2. A complete work must have bold title, authors, affliation, email, abstract,
numbered sections, and references. All pages must be numbered. Settings
for page text height, width, font format/size, and spacing should be
carefully adjusted.
3. The abstract must show the beef of your work. Focus on the problem
being addressed, your idea and solution, and how your solution performs.
4. The introcution section must have a smooth and tight story-telling
logic flow. It should detail the problem being addressed, how others
attack the problem and how their methods perform or what disadvantages
they have, how you view the problem, and the organization of the
rest of the paper. References should be inserted appropriately.
5. The conclusion section must summarize the whole paper, give new thought
and view of the problem or solution, emphasize the contributions,
and point out the directions to extend the work reported here.
6. All figures and tables must be numbered and named with proper titles.
They should appear after the text paragraphs that refer them. Use figures
and tables whenever needed to help you convey the ideas.

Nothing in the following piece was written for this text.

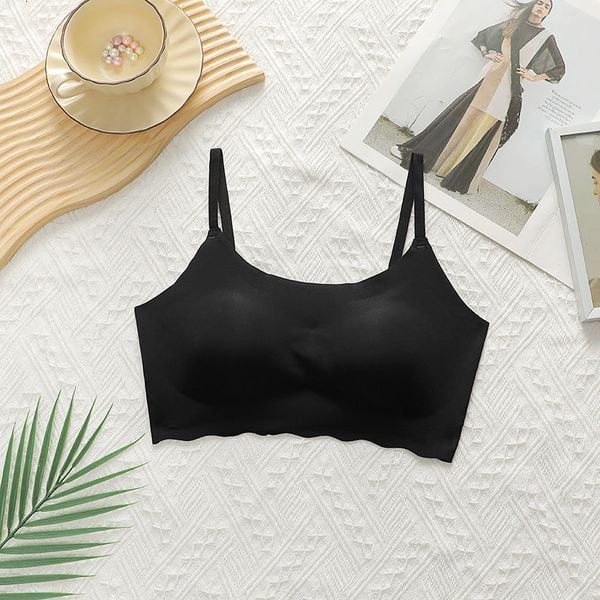 Biustonosz sportowy z pianki na treningi i codzienne aktywności Lyudmila. Czarne biustonosze sportowe damskie Intica, bez wzorów, z tkaniny. W wyprzedaży za 79.00 zł.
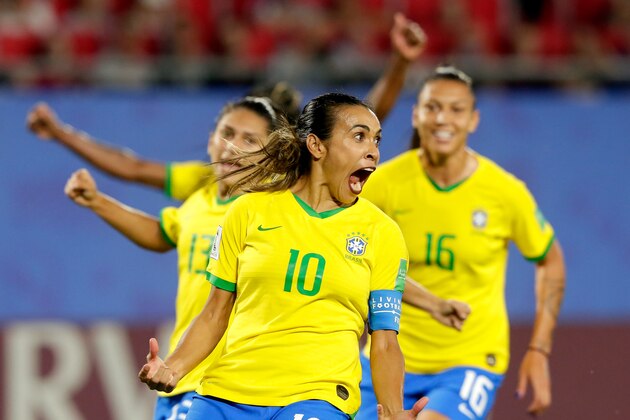 VALENCIENNES, FRANCE - JUNE 18: Marta of Brazil Women celebrates 1-0 during the  World Cup Women  match between Italy  v Brazil  at the Stade du Hainaut on June 18, 2019 in Valenciennes France (Photo by Rico Brouwer/Soccrates/Getty Images)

7. References must be sorted according to the order they appear in the
text body (preferred) or alphabetically according to the last name
of the first author. References should have the format: author(s), title,
publisher/URL/conference/journal, page numbers as pp.12-21, publication
date (month and year).
8. Sketch your paper organization before writing it up. The outline should
be detailed enough about the key points and logic flows in each paragraph,
and indicate the figures and tables needed. Always think over the messages
you want to convey to the readers in each section and in the whole paper.
9. Watch the grammar problems and expressiveness of your writing when you
transform your outline into a paper. Do not jump to the next sentence
unless you are happy with the current sentence. You have plenty example
sentences to refer in good papers you referred.
10.The content and format of your writing are, in most circumstances,
equally important. A quality content with poor writing skills will never
get accepted in a major journal/conference. However, a less-quality
content with excellent writing skills appears here and there.